Unread postby ROCKMAN » Thu 20 Oct 2016, 08:50:20

Y - "They believed that the moment NG starts to compete with Oil over the transportation sector, that this would start to close the energy price spread." It isn't competing at anywhere close to a meaningful degree today. In the future? Time will tell but it will probably take many decades if ever. And perhaps so long that PNG dominates the conversation as PO has in the past. I avoid long term predictions but I would bet on coal sourced electricity pushing EV's having a bigger impact then NG pushing CNG's.

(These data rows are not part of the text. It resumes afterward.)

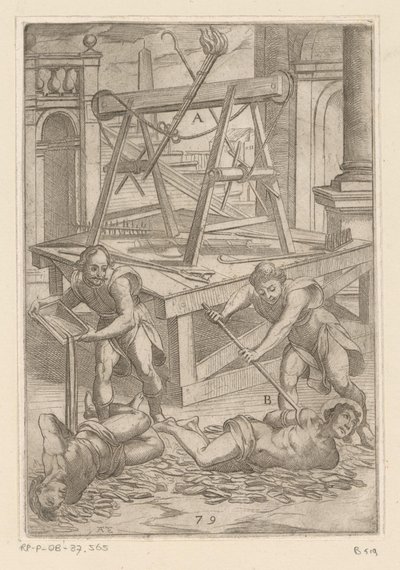 Kínzás forrásban lévő olajjal Keresztény mártírok által elszenvedett kínzások (sorozat címe) Varia tormentorum et supplicioru crudelium (...) (sorozat címe) alkotó: Antonio Tempesta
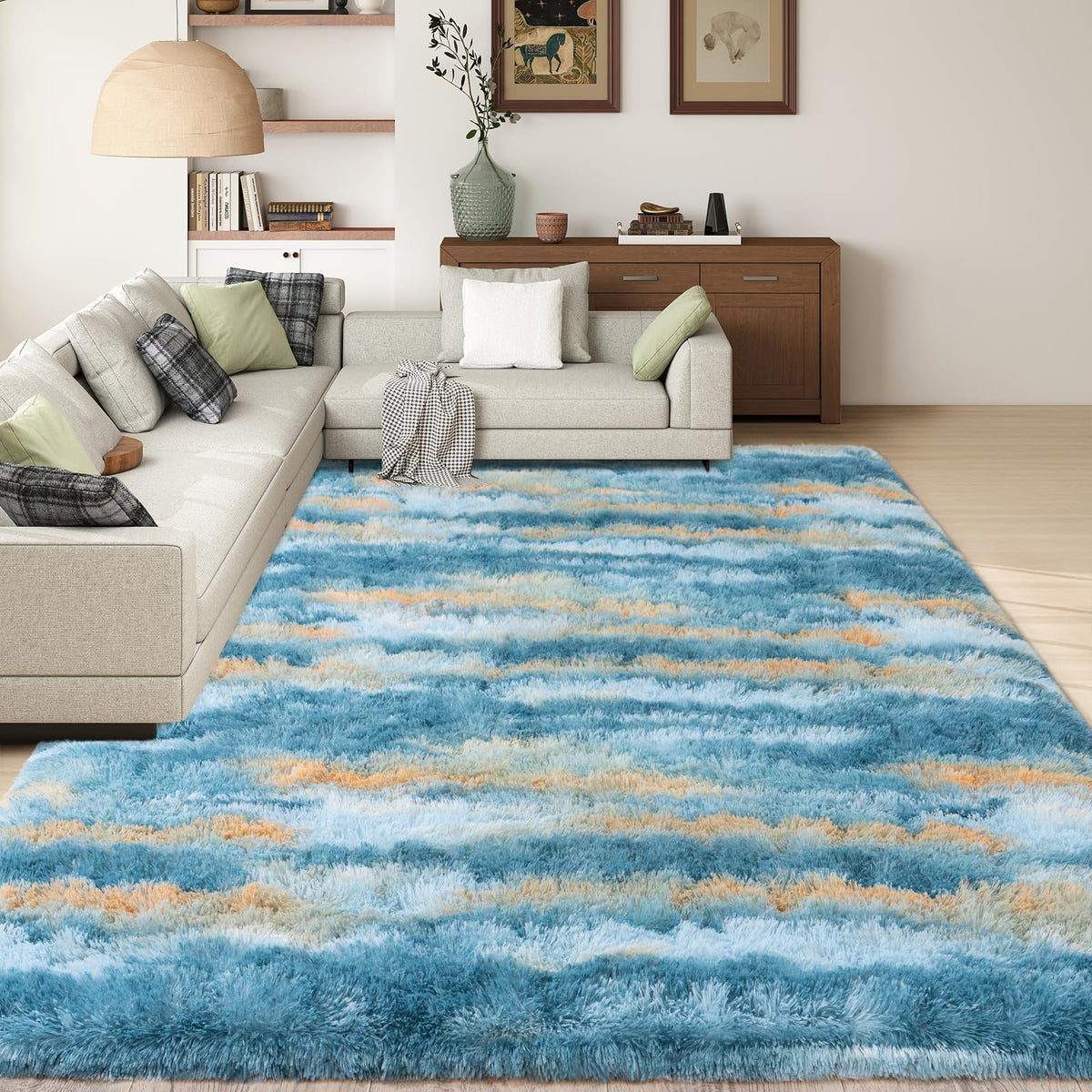 9x12 Large Shag Rugs for Living Room, Washable Abstract Blue Yellow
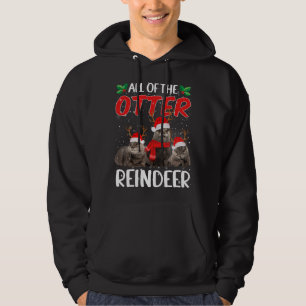 Otters Reindeer Deer Antler Funny Christmas Santa  Hoodie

"In other words the paper suggests that it is the low NG price that is the cause behind the oil price crash." I don't see the link. There very little competition between oil and NG. Last time I looked oil produced 1% of electricity with NG et al the other 99%. And folks heating with fuel oil would use NG if they had lines to their homes. But they don't and probably never will. New homes have been getting NG...not existing homes.

Historically the ratio peaked at 54:1 in April 2012 and bottomed out at 3:1 in December 2000. But that low ratio was for a very short period: for 2000 it still averaged about 8:1 and 6:1 in 2001. Ratio changes have been dominated by changes in the price of oil...not NG. Consider the highest annual NG price in history in 2008: $8/MCF. Oil that same year averaged $100/bbl. So at the highest NG price ever seen the ratio was still about 12:1. At the lowest annual oil price in the last 30 years ($14.50/bbl in 1998) NG was $2/MCF...a ratio of more then 7:1.

Bottom line: the utility of oil and NG are so different that the ratio stat, while easy to track, isn't really meaningful IMHO: almost no competition between NG and oil Btu's.